Working the night shift can be pretty boring, even if you’re a telescope. You stare at the same section of sky for hours. Every night, you take in light from the same distant points in the abyss. There’s that asteroid you observed last night, and the night before that, and before that. The job, as important as it is, can be pretty tedious.
But sometimes, the universe sends a little excitement—a cosmic phenomenon astronomers have explored only with theoretical models.
One night in June of last year, a telescope in Hawaii captured something noteworthy in its nightly scan. A luminous dot appeared where nothing had been before, as if someone had switched on a light. A message immediately went out on the Astronomer’s Telegram, an alert system for astronomers around the world.
A scramble ensued. There’s no guarantee unexpected objects in the night sky will stick around. Astronomers directed telescopes of all kinds at the point of light, observing the target in every wavelength of the electromagnetic spectrum, from optical light to invisible X-rays. Early data revealed the light originated outside the Milky Way galaxy, from a small, nearby galaxy about 200 million light-years away. (Yes, this is actually considered nearby in cosmic standards.)
At first, the gleaming object looked like it could be a supernova, a cataclysmic explosion that marks the end of a star. Stars, as immutable as they may seem to us, blazing brightly in the night sky, can die. The process is ferocious and quick: The star, after millions and millions of years of existence, runs out of the fuel that produces its brilliant light. Its core shrinks, heats up, and then collapses, sending stellar material hurtling across space. The resulting glow briefly outshines whole galaxies before fading away.
Telescopes have observed supernovae before. But this one?
“It was very clear that it was not a normal supernova,” says Raffaella Margutti, an astrophysicist at Northwestern University, one of the many scientists who followed the mystery object, known as AT2018cow.
The alleged supernova was dozens of times brighter than any supernova on record. It reached its peak luminosity in two days and faded after 16 days. This, on the vast timescales of the universe, is extremely fast—faster than astronomers had ever seen.
According to current understanding in astronomy, this scenario should not be possible. The brightest supernovae usually come from the deaths of the biggest stars. These are slow affairs: The more material a dying star expels, the longer it takes for the afterglow of the explosion to reach its peak radiance. How could the mystery explosion flare so brightly and fade so quickly?
“It’s weird to see something that’s bright and evolving fast,” explains Iair Arcavi, an astronomer at Las Cumbres Observatory, a global network of ground-based telescopes. “It’s kind of a contradiction.”
When astronomers took a closer look at telescope data, they saw an unusual excess of X-rays. “Our first reaction, when we got that data, was maybe we made some mistake, because we’ve never seen that,” Margutti said. It meant that, deep in the core of the explosion, there was a source of X-rays so persistent that it would shine through the material surrounding it.

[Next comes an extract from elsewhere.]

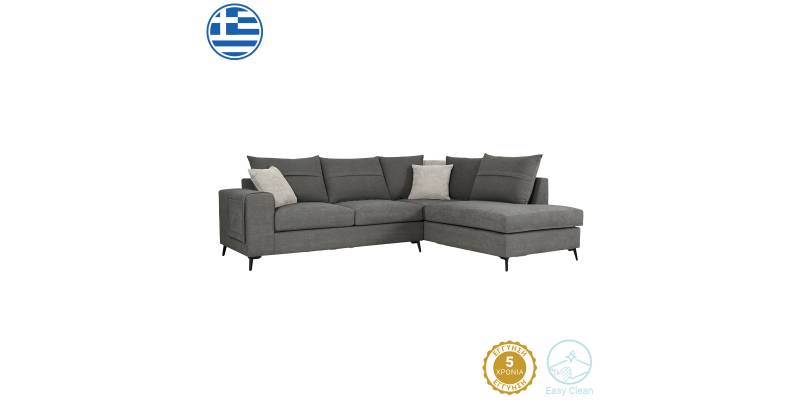 Γωνιακός καναπές αριστερή γωνία Montana pakoworld ποντικί ύφασμα με μαξιλάρια σε απόχρωση ανοιχτό γκρι 275x215x93εκ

That gave the astronomers a clue about what they could be looking at. Almost all massive stars are thought to produce new astrophysical objects when they die— either a black hole or a neutron star. Black holes are invisible maws that gobble any material—gas, dust, entire stars—that comes near. Neutron stars are fast-spinning cores of tightly packed neutrons, the stripped-down versions of their progenitors. Both are extremely dense objects capable of violently whisking surrounding material. Margutti and her colleagues suspect that, in this case, those effects were enough to produce an unusually radiant light show.
The telescope, they’ve concluded, had captured the creation of a brand-new astrophysical object, either a black hole or a neutron star, for the first time.
The cosmic explosion has faded from view of most telescopes, and the telescope in Hawaii now awaits the appearance of the next surprising pinprick of light. That’s what cosmic explosions beyond the galaxy will always look like to us, regardless of their record-breaking radiance. For now, astronomers continue to pore over the data from AT2018cow; Margutti and an international team of scientists published their report about the object this week.
They remain mesmerized by the event’s unusual characteristics—the fierceness of the glow, the speed with which it vanished, the X-rays that illuminated what remained at the core.
“Any one of them on their own would be completely unprecedented, but any two of them together—and certainly all of them together—are unlike anything we’ve ever seen before,” said Daniel Perley, an astrophysicist at Liverpool John Moores University.